Most developers are grown up enough to manage themselves… most of the time. Therefore, although I have run waterfall processes, I really recommend agile development because it gives developers their independence while regularly confronting them with the realities of “the real world”. A key role to help them in this process of “confronting the facts”, is the requirement manager (e.g. product owner). He/she brings analytical domain expertise but also the product evangelism that aligns the development team around the product features. Getting people to agree is much easier when they already agree about something; Therefore, having your teams agree with your requirement managers makes it much easier for them to agree “together” on how they will design, build and test software. My experience, as product owner in a high frequency derivatives trading environment, is that the biggest challenge in product management is aligning commercial expectations and development throughput. That brings up the subject of a development’s team productivity and good places to look for it are in architecture, QA and build management.
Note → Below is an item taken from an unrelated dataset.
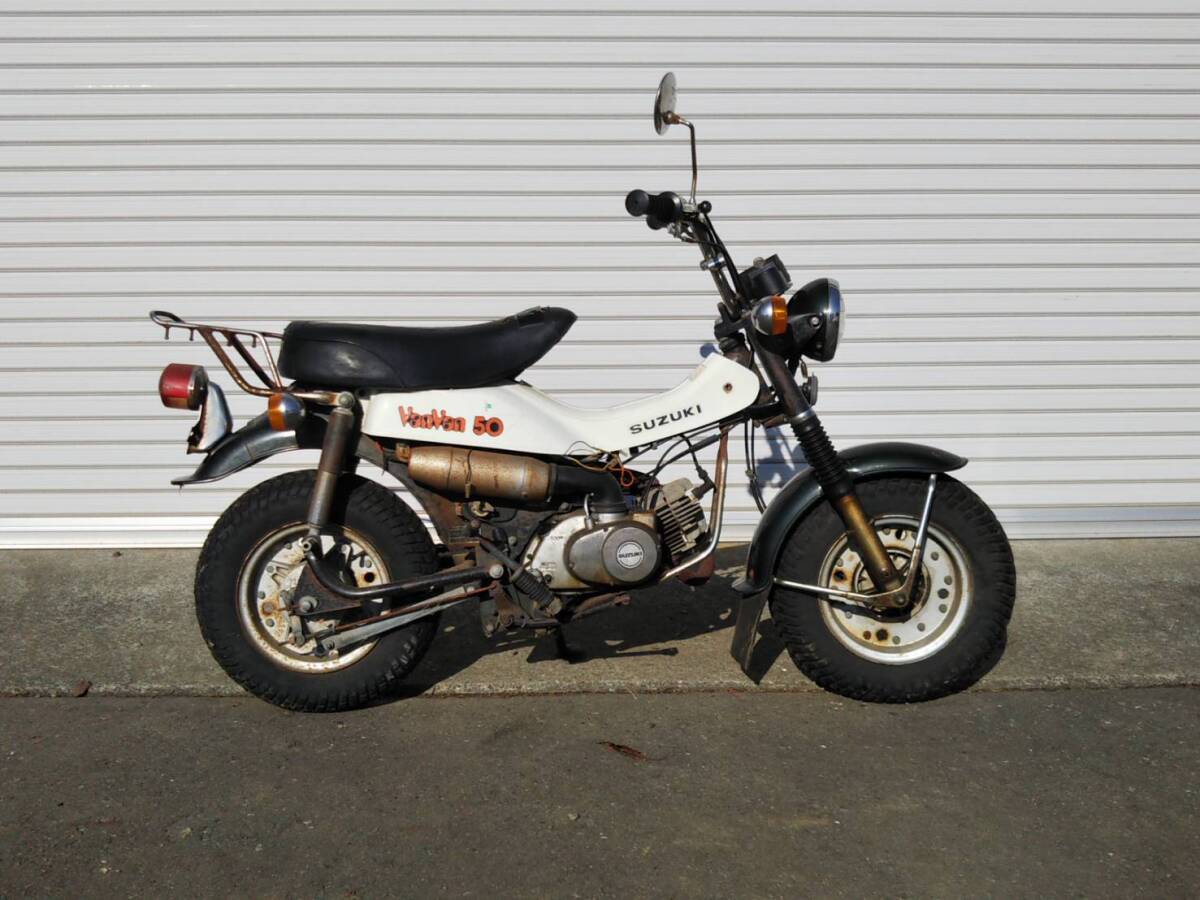 スズキ バンバン50 RV50 希少!空気入れ付いています。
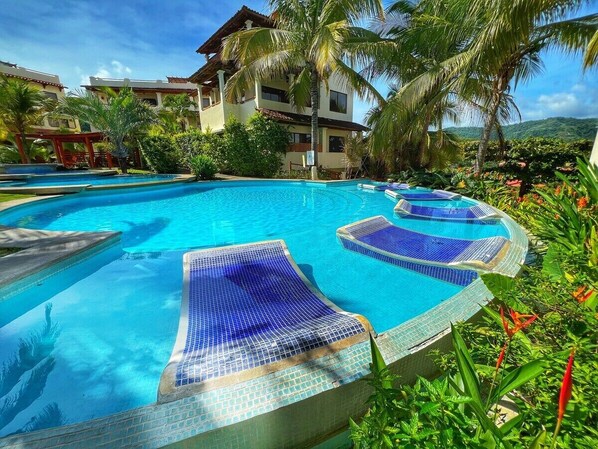 حمّام سباحة خارجي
Architecture, quality assurance, and build management are magical ingredients to software development: get them right and you rarely need to revisit them, but get them wrong, and they will drag you through hell, especially hell of lost productivity, productivity that often makes the difference between success and failure. One thing these three development processes have in common is that they are not needed to start development. Another is that they are best managed as a “coordinated” solution across development, and not as an assembly of different solutions: you want to have one build management, one architecture, one notion of QA. That does not necessarily mean one “uniform” solution, good solutions often have a granularity of diversity, but there is an optimal balance of overall cohesion versus local choices. And that is what make these particularly tricky to manage, both as a team effort and as part of development management.
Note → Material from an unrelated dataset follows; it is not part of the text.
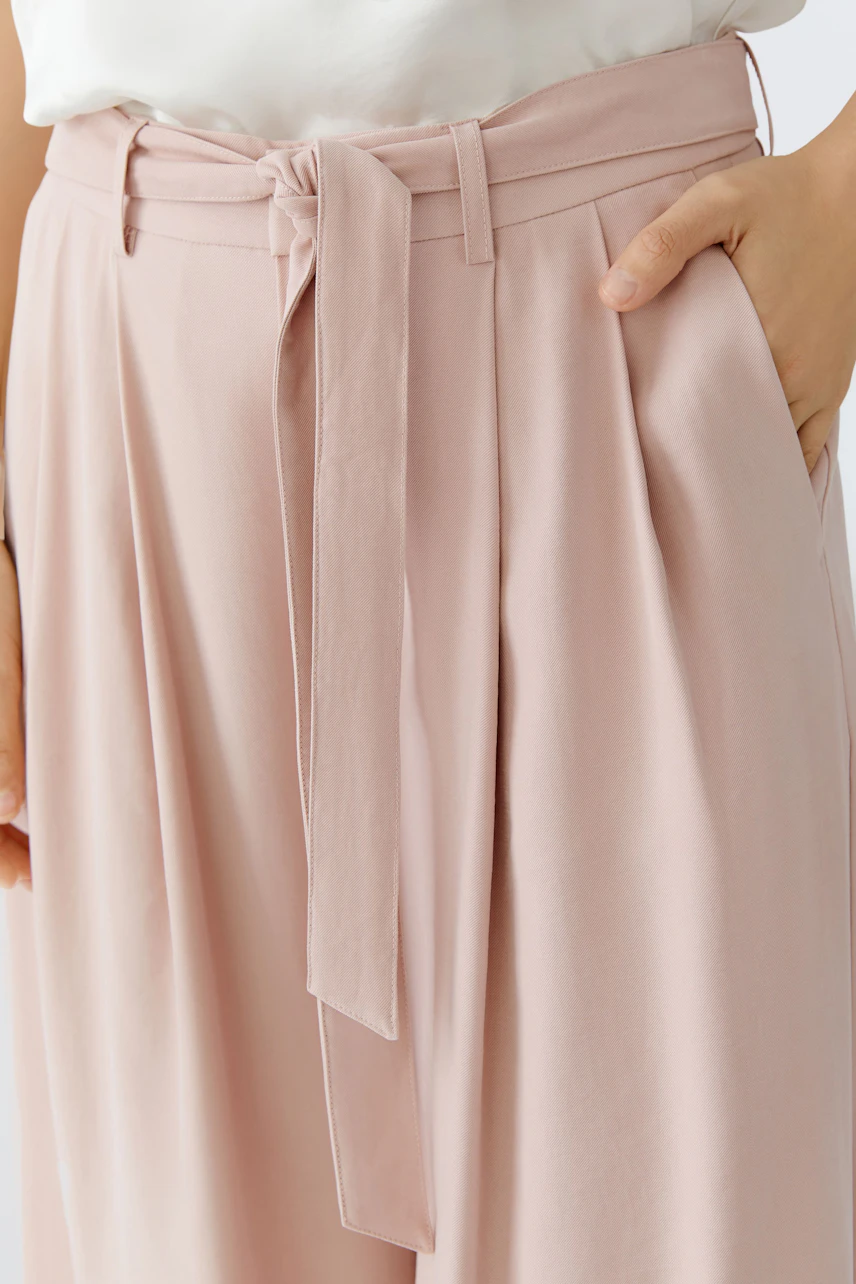 Bundfaltenhose: Damenhose in zartem Rosa mit Bundfalten und Bindegürtel, lässig und bequem.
There are two key understanding in team management, independently whether it is a top-down style of management or a self-managed team: The first is very tight relation between what can be changed and what should not be changed, the second is the importance of sharing knowledge and beliefs among all team members. I will not dig deeper in the importance of sharing, there is no notion of team without it, yet first is crucial to understand how to manage cross team activities, especially with regards to productivity. The reasoning is as follows:
- To improve productivity it makes sense to change things; It makes sense that you look for a better architecture (e.g. refactor designs), a better build system (e.g. bring in a new tool), a better test coverage (e.g. new tests).
- Yet making changes makes less sense when near optimum productivity.
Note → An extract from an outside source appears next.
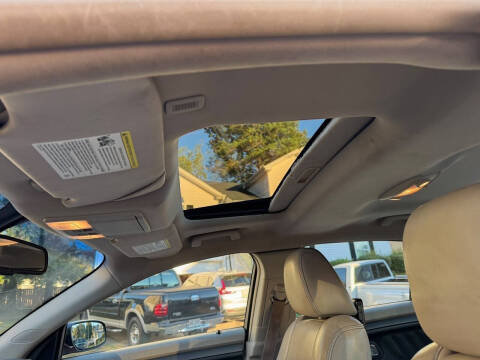 2012 Ford Taurus SEL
The consequence of this is that your number one mission as a development manager is to help your teams track their productivity, stay aligned around their commitments (e.g. encourage discipline and hard work!), and that they maintain a common and realistic notion of “optimality”. Achieve this, and your development team will know what to change and when to make changes. They will decide if it is worth investing to improve the architecture, the build system or the QA.
Pain point in all of this is achieving that REALISTIC notion of optimality, and getting agreement around a “discount factor” for sustainability, no everything should be 100% sustainable. Give your requirement management the mission to evangelize all with their product oriented view of realism. Getting the right balance in what is sustainable and not really depends on your budget!
1 comment:
Very interesting read James. Since these days I'm now responsible for a few greenfield software development projects, it's useful to get the perspective of someone who has "been there, done that, got the t-shirt" so to speak. The difficulty I face is in trying to align developers who perhaps want to write a "perfect" solution with business reality and the need to deliver something in such a way for projects not to be deemed a commercial failure. It's a tough life!